Input for this task START
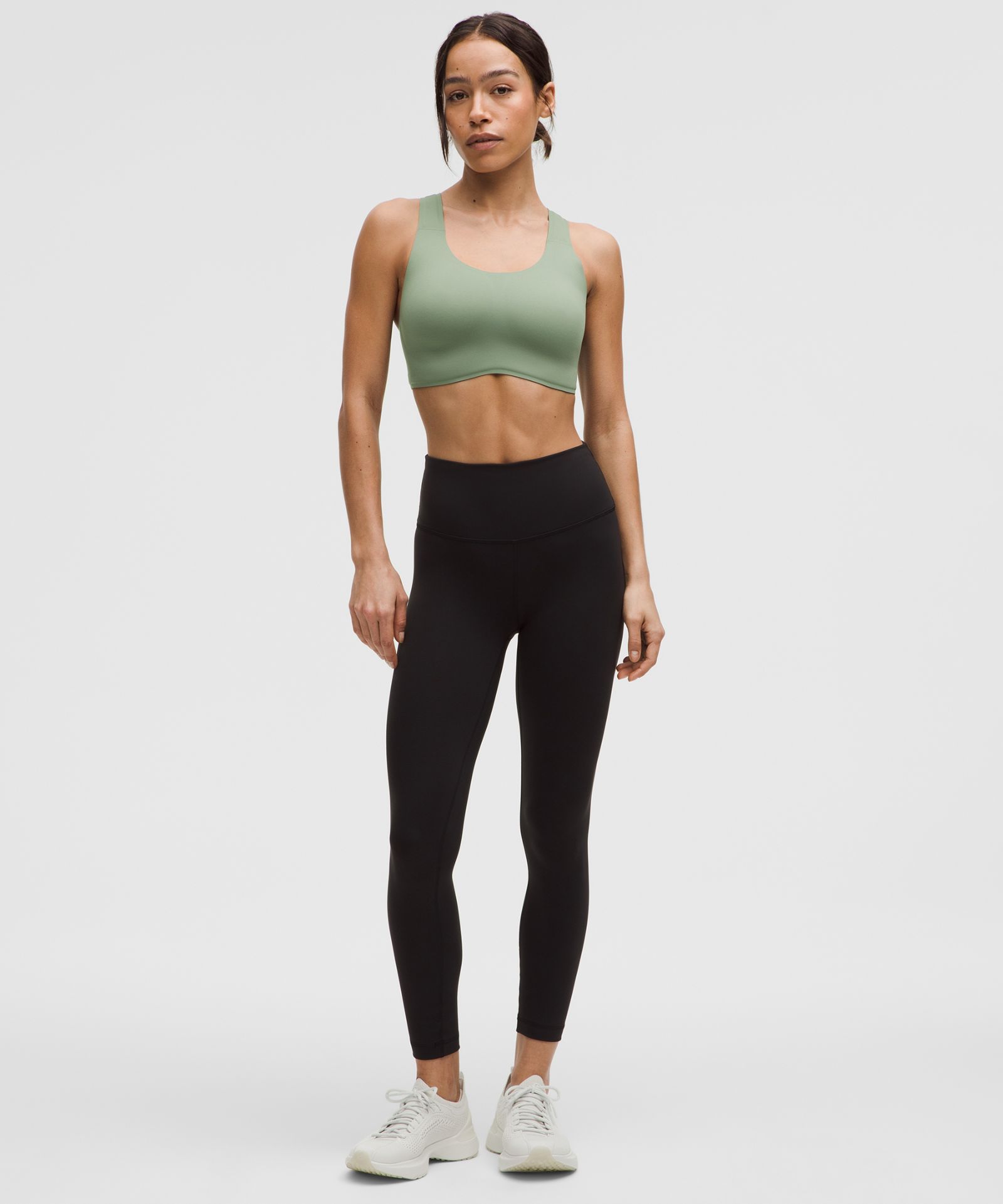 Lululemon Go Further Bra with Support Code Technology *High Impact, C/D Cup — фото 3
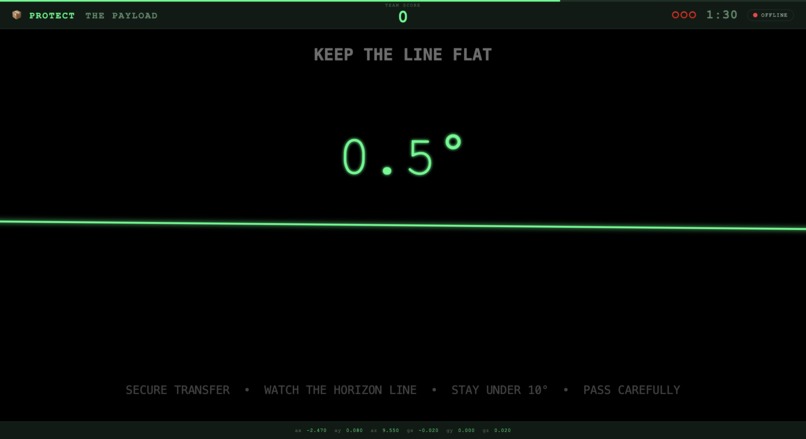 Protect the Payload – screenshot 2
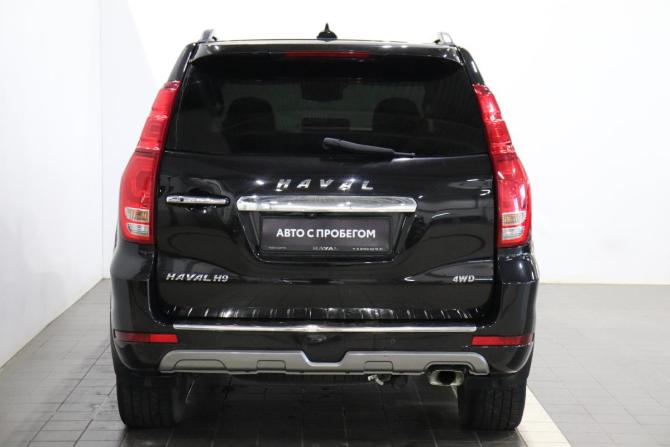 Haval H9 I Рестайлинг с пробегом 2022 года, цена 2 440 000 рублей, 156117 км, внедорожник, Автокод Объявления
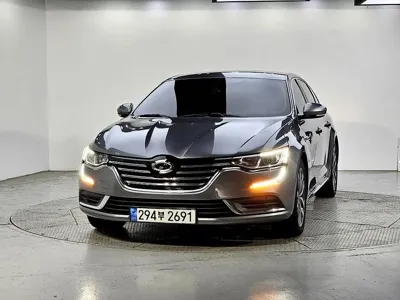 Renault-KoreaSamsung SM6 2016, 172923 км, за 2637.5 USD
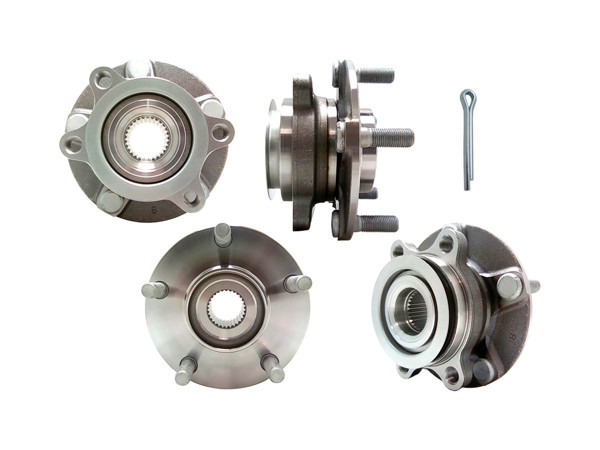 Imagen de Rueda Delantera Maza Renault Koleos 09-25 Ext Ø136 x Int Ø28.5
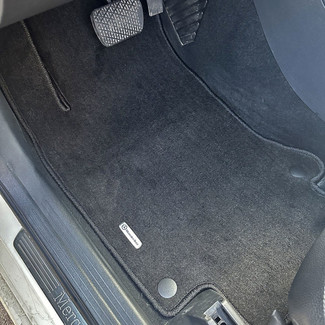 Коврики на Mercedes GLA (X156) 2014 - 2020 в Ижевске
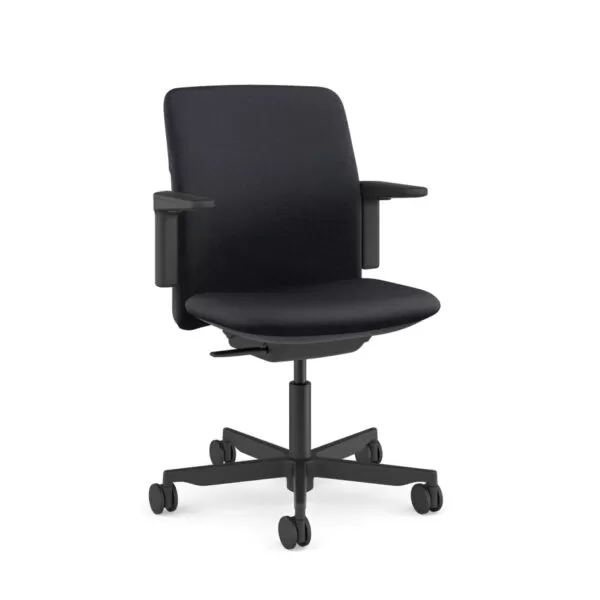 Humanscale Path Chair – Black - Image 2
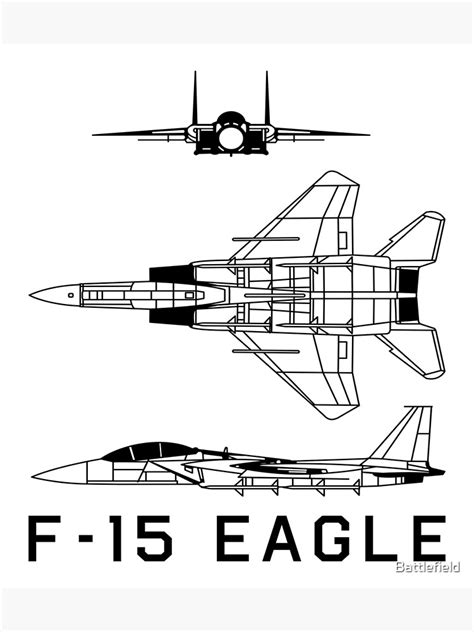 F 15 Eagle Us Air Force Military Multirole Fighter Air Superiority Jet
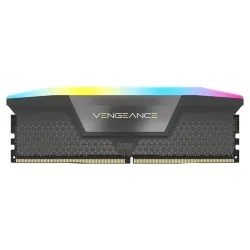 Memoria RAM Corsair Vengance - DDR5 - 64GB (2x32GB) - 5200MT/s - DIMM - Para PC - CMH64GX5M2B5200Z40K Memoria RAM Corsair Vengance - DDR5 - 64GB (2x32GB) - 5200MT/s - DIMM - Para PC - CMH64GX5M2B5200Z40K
Input for this task END
Work order:
Take the records above from the line with "Коврики на Mercedes" down to their last line and please copy those lines exactly, without the pictures.

Reply:
 Коврики на Mercedes GLA (X156) 2014 - 2020 в Ижевске
 Humanscale Path Chair – Black - Image 2
 F 15 Eagle Us Air Force Military Multirole Fighter Air Superiority Jet
 Memoria RAM Corsair Vengance - DDR5 - 64GB (2x32GB) - 5200MT/s - DIMM - Para PC - CMH64GX5M2B5200Z40K Memoria RAM Corsair Vengance - DDR5 - 64GB (2x32GB) - 5200MT/s - DIMM - Para PC - CMH64GX5M2B5200Z40K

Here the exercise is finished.